▶ [What you should do]: Look below for the line that contains "When we're happy", then copy it and each following line exactly, through and including the line that contains "This article was".

[Collected data entries]
________________________________________

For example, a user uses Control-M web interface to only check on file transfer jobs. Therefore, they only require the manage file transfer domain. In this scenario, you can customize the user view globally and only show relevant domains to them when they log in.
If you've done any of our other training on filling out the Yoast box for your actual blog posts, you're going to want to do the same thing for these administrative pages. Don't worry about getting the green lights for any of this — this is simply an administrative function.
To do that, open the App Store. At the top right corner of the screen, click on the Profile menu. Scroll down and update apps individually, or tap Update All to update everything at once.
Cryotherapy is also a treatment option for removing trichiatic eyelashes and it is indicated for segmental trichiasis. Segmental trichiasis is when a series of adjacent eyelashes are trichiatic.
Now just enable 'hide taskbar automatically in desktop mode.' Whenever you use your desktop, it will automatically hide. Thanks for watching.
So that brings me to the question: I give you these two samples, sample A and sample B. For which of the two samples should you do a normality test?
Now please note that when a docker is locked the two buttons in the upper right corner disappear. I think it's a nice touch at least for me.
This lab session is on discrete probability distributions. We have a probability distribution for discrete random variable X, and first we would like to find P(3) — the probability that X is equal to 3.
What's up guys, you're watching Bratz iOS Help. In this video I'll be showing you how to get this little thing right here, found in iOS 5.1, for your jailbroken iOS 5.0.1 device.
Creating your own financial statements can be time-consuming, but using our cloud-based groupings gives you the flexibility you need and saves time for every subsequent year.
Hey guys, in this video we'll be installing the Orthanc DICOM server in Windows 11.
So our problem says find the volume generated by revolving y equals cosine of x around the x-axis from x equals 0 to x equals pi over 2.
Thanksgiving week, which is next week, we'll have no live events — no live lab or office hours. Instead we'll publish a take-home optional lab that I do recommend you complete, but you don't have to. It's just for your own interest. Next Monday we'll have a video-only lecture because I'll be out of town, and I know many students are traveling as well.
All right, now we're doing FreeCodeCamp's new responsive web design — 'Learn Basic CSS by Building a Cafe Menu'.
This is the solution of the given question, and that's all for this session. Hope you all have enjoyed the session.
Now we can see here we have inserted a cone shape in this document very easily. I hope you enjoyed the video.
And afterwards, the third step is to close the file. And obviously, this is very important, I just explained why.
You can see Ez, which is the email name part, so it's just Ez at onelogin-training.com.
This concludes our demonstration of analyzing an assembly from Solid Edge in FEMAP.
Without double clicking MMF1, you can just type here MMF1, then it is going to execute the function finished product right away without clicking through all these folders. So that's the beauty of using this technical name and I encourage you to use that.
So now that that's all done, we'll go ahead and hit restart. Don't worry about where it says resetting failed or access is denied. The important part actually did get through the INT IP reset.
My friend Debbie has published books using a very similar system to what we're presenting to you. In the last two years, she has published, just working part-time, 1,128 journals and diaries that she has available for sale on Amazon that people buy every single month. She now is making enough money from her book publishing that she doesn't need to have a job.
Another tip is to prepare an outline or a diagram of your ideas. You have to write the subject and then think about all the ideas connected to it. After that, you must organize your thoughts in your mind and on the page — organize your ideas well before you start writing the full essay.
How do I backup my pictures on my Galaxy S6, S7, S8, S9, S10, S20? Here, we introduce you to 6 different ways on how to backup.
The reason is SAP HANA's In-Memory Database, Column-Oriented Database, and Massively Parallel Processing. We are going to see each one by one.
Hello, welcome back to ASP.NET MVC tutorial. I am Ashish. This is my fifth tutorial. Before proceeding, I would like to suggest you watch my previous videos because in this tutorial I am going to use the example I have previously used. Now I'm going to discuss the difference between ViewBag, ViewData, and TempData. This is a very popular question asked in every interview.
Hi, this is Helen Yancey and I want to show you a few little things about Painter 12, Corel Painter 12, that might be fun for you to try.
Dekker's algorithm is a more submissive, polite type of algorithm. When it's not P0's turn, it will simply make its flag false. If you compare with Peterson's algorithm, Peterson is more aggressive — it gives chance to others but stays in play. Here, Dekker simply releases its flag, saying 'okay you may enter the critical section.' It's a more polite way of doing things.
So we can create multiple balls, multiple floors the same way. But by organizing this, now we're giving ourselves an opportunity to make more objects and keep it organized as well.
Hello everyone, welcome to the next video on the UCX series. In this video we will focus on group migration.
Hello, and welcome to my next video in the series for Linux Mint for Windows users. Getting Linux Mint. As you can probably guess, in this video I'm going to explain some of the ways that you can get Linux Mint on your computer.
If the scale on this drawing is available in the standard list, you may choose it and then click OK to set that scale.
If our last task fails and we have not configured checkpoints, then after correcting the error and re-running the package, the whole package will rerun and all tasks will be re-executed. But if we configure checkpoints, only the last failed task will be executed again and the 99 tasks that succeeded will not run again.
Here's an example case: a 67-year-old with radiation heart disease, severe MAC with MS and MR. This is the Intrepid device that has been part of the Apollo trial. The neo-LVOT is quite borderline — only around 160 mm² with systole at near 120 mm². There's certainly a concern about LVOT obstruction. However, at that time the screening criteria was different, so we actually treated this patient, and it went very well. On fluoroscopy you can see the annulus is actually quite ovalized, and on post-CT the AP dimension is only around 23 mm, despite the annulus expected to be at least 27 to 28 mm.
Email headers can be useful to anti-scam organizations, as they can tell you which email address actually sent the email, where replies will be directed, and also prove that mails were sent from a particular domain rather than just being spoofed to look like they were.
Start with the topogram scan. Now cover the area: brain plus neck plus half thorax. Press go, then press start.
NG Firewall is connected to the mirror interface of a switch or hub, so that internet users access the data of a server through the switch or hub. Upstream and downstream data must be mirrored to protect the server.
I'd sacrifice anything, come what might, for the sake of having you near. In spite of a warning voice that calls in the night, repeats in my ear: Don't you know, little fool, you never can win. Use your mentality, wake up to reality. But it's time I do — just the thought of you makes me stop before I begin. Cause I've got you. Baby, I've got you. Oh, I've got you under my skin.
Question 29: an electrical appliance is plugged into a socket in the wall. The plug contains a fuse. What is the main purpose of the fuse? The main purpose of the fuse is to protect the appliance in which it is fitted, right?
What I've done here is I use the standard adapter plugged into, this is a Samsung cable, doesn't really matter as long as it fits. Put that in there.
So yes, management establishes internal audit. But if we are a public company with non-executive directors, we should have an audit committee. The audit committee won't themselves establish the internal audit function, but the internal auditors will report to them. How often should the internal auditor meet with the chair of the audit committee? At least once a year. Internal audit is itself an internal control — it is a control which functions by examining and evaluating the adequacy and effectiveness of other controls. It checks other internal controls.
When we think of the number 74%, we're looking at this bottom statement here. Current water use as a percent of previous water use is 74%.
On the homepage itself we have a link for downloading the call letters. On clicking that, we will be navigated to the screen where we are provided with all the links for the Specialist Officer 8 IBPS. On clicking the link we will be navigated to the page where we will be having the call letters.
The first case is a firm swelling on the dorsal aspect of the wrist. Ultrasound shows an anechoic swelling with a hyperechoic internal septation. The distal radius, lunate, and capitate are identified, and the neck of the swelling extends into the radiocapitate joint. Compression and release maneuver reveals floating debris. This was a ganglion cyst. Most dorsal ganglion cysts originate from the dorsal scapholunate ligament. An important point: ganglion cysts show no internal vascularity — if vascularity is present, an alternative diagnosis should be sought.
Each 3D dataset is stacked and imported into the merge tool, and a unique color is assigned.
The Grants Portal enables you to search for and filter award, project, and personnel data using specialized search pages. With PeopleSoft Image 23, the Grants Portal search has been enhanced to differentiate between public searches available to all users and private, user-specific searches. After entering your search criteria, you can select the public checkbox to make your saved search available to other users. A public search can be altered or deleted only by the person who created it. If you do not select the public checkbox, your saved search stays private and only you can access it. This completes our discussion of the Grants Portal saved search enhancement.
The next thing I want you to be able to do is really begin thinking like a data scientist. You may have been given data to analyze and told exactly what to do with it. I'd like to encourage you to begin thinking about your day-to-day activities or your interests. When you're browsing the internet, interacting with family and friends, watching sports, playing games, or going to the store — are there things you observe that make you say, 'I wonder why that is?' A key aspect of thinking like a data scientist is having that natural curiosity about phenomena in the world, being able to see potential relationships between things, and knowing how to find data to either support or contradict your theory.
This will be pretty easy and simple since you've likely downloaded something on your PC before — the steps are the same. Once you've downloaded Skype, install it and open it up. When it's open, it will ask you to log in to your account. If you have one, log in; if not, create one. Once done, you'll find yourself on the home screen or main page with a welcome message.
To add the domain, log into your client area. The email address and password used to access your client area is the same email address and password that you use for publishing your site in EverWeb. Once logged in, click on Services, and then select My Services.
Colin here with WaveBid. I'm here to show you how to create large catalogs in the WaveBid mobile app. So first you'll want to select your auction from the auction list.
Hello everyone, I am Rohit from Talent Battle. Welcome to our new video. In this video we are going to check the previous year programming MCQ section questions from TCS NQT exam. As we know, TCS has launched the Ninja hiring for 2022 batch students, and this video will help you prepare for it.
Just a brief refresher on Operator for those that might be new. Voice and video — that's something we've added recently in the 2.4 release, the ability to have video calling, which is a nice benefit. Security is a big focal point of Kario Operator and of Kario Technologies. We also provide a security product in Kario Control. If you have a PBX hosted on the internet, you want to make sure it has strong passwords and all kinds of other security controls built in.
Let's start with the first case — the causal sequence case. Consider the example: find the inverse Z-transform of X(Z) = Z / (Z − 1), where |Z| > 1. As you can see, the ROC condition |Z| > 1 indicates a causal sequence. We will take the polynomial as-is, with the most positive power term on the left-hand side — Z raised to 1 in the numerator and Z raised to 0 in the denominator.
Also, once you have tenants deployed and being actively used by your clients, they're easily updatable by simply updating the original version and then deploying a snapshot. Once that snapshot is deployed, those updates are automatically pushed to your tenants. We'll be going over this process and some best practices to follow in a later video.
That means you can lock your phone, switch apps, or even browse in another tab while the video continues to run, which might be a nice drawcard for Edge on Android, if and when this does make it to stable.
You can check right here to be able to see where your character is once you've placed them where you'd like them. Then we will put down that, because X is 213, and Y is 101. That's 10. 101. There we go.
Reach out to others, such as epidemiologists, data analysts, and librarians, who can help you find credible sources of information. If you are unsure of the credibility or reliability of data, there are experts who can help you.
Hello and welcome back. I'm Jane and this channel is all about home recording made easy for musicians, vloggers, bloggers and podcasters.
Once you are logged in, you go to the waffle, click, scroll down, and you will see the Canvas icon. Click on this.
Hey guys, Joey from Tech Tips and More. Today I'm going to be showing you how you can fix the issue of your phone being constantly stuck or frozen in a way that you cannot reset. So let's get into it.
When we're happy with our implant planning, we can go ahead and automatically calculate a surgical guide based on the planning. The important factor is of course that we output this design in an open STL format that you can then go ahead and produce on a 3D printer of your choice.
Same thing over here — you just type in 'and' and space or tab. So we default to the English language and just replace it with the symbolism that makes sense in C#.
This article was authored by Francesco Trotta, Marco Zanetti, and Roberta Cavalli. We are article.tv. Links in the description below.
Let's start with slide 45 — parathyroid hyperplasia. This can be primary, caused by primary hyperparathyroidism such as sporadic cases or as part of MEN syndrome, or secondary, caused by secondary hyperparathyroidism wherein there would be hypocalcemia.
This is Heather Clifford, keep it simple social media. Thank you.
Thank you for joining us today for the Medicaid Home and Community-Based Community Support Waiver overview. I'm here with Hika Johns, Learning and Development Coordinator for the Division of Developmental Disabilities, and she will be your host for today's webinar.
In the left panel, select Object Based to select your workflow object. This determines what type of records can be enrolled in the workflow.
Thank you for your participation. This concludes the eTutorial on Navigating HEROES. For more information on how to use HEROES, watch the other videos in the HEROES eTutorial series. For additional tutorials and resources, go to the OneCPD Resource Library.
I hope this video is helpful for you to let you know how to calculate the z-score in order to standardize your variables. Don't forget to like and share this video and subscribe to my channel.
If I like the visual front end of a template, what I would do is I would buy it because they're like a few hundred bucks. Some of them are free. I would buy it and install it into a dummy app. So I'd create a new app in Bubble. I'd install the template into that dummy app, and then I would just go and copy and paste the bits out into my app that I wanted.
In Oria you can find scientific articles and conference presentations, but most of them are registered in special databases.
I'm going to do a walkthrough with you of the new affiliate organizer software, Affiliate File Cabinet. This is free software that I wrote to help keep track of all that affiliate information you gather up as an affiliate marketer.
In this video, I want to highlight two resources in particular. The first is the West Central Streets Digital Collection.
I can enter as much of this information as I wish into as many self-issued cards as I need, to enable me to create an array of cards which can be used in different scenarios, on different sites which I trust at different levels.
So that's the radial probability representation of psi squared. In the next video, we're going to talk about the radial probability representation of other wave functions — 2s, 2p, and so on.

________________________________________

▶ [Answer for this exercise]:
When we're happy with our implant planning, we can go ahead and automatically calculate a surgical guide based on the planning. The important factor is of course that we output this design in an open STL format that you can then go ahead and produce on a 3D printer of your choice.
Same thing over here — you just type in 'and' and space or tab. So we default to the English language and just replace it with the symbolism that makes sense in C#.
This article was authored by Francesco Trotta, Marco Zanetti, and Roberta Cavalli. We are article.tv. Links in the description below.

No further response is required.